Export all tables in a PostgreSQL schema to Parquet files.
Parameters
Name
Type
Description
Default
schema
str
Name of the PostgreSQL database schema.
required
user
str
PostgreSQL user role. If not provided, defaults to the value of the PGUSER environment variable, or (if unset) the current system user.
None
host
str
Host name for the PostgreSQL server. If not provided, defaults to the value of the PGHOST environment variable, or "localhost" if unset.
None
dbname
str
Name of the PostgreSQL database. If not provided, defaults to the value of the PGDATABASE environment variable, or (if unset) the resolved user.
None
port
int
Port for the PostgreSQL server. If not provided, defaults to the value of the PGPORT environment variable, or 5432 if unset.
None
data_dir
str
Root directory of the Parquet data repository. If not provided, defaults to the value of the DATA_DIR environment variable, or the current working directory.
None
row_group_size
int
Maximum number of rows in each written Parquet row group. Must be positive. Default is 1024 * 1024.
1024 * 1024
batched
bool
Whether data are extracted in batches using to_pyarrow_batches() instead of a single call to to_pyarrow(). Using batches reduces memory usage for large tables at the cost of slightly lower performance.
True
threads
int
Number of threads DuckDB is allowed to use. If provided, must be positive.
None
engine
(duckdb, adbc)
Query execution engine used to read PostgreSQL data before writing Parquet.
"duckdb"
numeric_mode
(text, float64, decimal)
Handling for PostgreSQL NUMERIC columns.

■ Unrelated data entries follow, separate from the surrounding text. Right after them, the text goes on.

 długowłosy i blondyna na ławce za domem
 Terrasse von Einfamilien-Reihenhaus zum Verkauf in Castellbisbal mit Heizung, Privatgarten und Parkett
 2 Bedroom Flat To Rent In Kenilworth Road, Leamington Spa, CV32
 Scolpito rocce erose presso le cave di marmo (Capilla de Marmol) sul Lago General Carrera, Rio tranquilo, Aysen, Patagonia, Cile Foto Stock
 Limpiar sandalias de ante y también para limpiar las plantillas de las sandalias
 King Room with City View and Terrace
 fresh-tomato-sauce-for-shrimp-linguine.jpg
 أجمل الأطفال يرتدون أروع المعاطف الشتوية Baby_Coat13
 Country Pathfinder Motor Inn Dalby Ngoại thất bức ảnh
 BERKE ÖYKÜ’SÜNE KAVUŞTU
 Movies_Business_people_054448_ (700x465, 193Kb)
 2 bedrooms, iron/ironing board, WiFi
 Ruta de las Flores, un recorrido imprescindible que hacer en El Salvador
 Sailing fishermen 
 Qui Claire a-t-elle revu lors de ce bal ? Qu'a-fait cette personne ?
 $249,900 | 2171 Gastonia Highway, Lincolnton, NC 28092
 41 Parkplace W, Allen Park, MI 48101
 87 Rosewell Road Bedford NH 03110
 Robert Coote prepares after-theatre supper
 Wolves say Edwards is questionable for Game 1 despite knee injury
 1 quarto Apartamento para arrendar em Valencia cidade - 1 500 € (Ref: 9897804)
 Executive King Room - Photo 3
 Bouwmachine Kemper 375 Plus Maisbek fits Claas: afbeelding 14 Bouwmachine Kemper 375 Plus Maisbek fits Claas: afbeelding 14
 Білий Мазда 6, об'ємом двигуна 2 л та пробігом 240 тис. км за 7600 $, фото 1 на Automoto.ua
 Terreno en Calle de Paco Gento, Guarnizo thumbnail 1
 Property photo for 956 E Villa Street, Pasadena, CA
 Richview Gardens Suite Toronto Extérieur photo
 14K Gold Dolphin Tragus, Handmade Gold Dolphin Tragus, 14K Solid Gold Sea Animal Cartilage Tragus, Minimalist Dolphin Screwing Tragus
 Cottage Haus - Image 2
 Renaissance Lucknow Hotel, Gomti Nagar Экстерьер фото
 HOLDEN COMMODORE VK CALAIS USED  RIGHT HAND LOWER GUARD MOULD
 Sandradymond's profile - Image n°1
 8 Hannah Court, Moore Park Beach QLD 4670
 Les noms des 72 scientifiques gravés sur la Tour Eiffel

None keeps the engine-specific default: native decimals on DuckDB, text-backed numerics on ADBC.
"text"
archive
bool
Whether an existing Parquet file should be archived before being replaced.
False
archive_dir
str
Name of the directory (relative to data_dir/schema) where archived Parquet files will be stored.
None
Returns
Name
Type
Description
results
list[str]
List of Parquet file paths returned by db_to_pq(), one for each table in the schema.